Procuro na memória uma cheia em Famalicão. Não uma inundação, essa frequente maçada às vezes resultante de canalizações já cansadas, outras provocando lamentáveis desastres humanos e patrimoniais. Digo uma cheia como agora as da Trofa. A meter Santarém, a lezíria, num chinelo, tolhendo o tráfego na EN14, espalhando o caos, chamando aos berros as televisões.
(Tudo porque, ouvi dizer, a edilidade facilitou a construção sobre uma linha de água mais arisca que se repimpa de chuva e gosta de largueza e ar puro. Pois ao que parece os edis famalicenses não se deram a carnavais com a natureza e, de resto, o Ave não navega aquém de Bairro, Lousado, Fradelos, cujas margens a gente não alcança daqui).
Vejam a ribeira da Boca! Se algum dia fez história, afora aquelas manhãs em que depois das escolas – a Primária e a Comercial – era uma lavoura toda até aos Bargos, um empastelado de terra a calcorrear até à futebolística aula de ginástica – lado a lado com o treino dos atletas do F. C. Famalicão. A ribeira serpenteava a céu aberto entre a sucessão de campos que nos separava do destino e ginástica, ginástica, era a sua travessia em pulos bem medidos porque banhos frios em Dezembro ou Janeiro ou Fevereiro, não obrigado! O gado pastava e a rapaziada corria, saltava, colecionava lama nas botas até às bainhas das calças. Ainda assim, nem cheia, nem inundação, somente a água turva, os enfeites de plástico nas bordas da Boca.
E o Pelhe? Durante décadas e décadas escondido, ele e os seus afluentes esquecidos debaixo dos silvados, visível (sempre em coloridos suspeitos) apenas a jusante da velhinha, acorcundada, ponte romana do campo da feira, o Pelhe também não tinha graça alguma. Outrossim o rio Este, vindo as meteorologias difíceis do inverno, galgava o leito e alagava a várzea de Nine com fartura de água e de aves pernaltas, ribeirinhas, sonhos que nunca se me tornaram realidade – tempos antigos, muito antigos, muito menos populosos, em que o meu Avô ainda não tinha netos.

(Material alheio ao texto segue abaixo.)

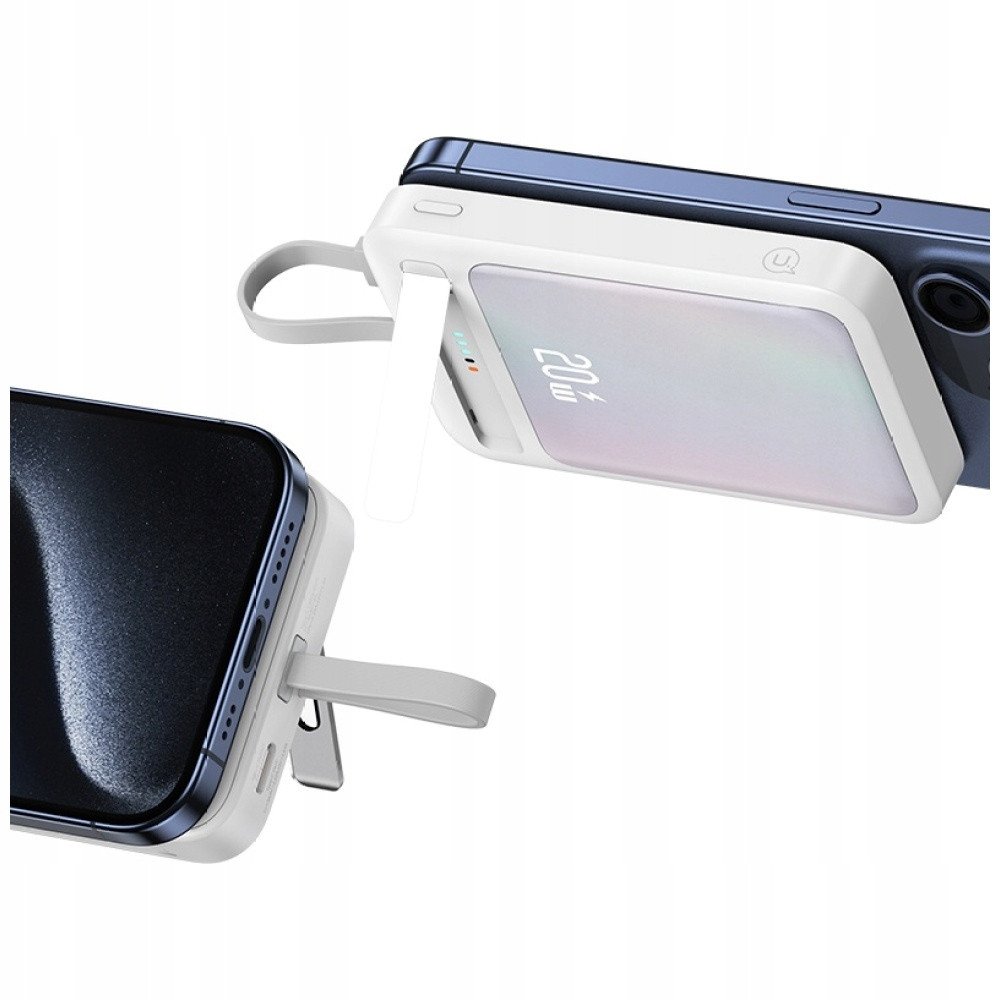 Powerbank Usams XM Series CD219, 10000mAh, karikim magnetik wireless 22.5W, i bardhë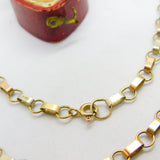 Tri-Colour 9ct Gold Cable Link Chain Necklace 18" Length Vintage 1984 London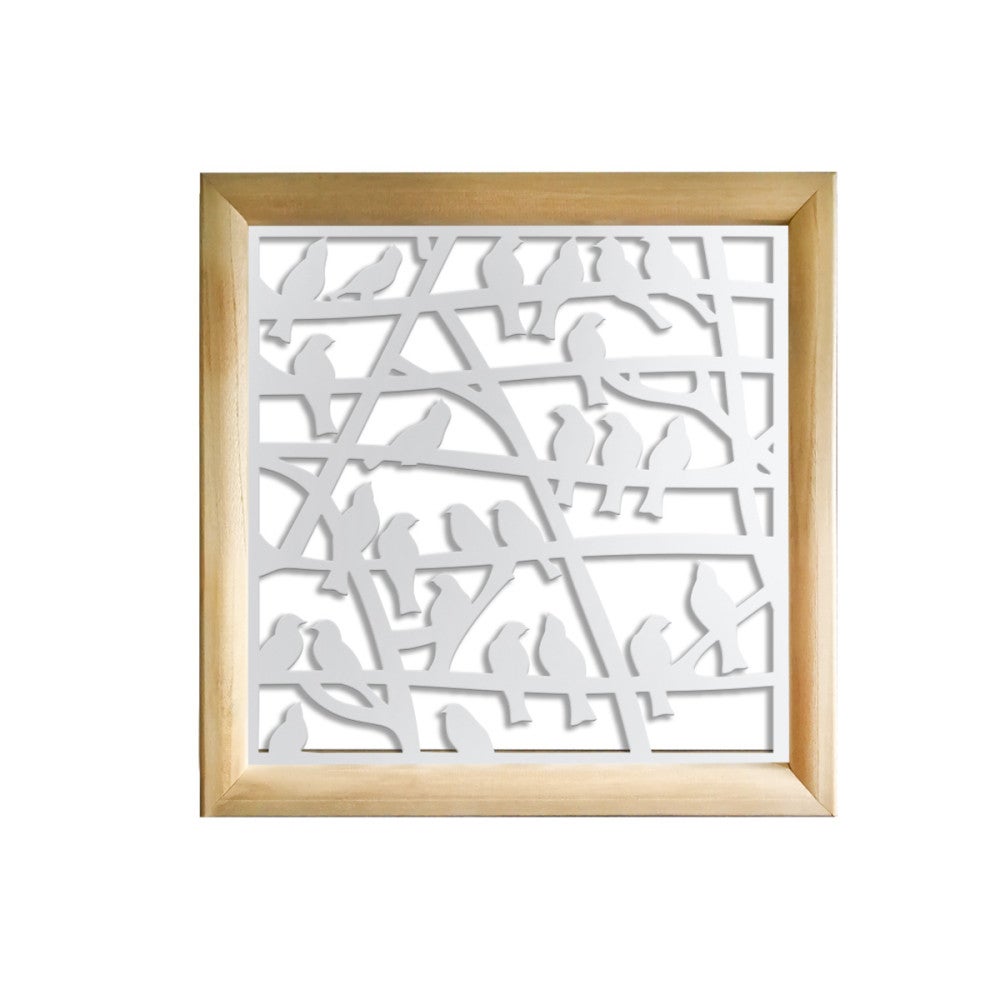 Pájaros - módulos decorativos cuadrados en madera y pvc - medida 98x98cm - espesor 64mm - color interno blanco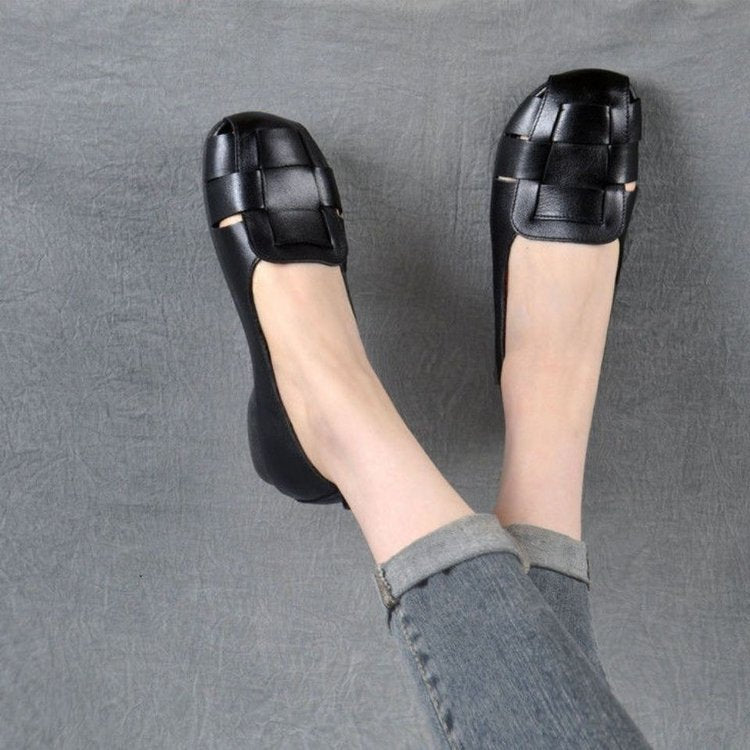 Zapatos de piel tejida suave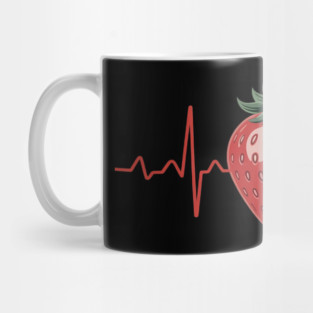 Strawberry Heartbeat Cute Novelty Mug
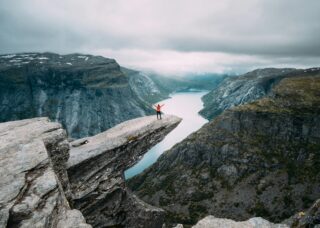 aerial view of Trolltunga, Norway; skip tracing services in Norway concept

Mas estas ocorrências de alagamentos são assaz mais simpáticas do que as inundações. Alagar significa transformar em lago. Ora, é sabido, os lagos são desprovidos de correnteza, pautam-se pela quietude, não atiram – como as inundações mais bravas – com os automóveis estacionados para cima dos telhados ou para dentro das fendas abertas no solo. Provavelmente apelarão à vinda dos bombeiros, por qualquer vaca encalhada até ao pescoço, mas tudo são botes, oleados a defender da chuva, cordames e técnica, vontades solidárias. Uma aventura!
É o que temos agora em Famalicão, no Parque da Devesa, quando chove a sério. O lago transborda, ultrapassa os bancos de madeira, obriga à retirada dos namorados mais para riba. Alguém me disse, o domingo passado as suas águas vieram até perto das latrinas, quase afogavam os coelhos do Parque. Terá sido tanto? Terei sido eu que esqueci as galochas? Não sei, mas o lago da Devesa cumpriu a sua missão – alagou. E na segunda-feira, já em plena bonança, o cenário pela manhãzinha era lindíssimo, com uma luz magnífica e os patos em actividade infrene, nadando, voando, cavaqueando ao longo das margens ainda muito inchadas. Houvera cheia. Sem inundações, sem automóveis soterrados no lodo, sem dramas. Unicamente para gozo dos nossos olhos. E está garantido, a próxima será ainda maior, as águas vão chegar à Casa do Território mas, por obséquio a Famalicão, contrariando o princípio dos vasos comunicantes.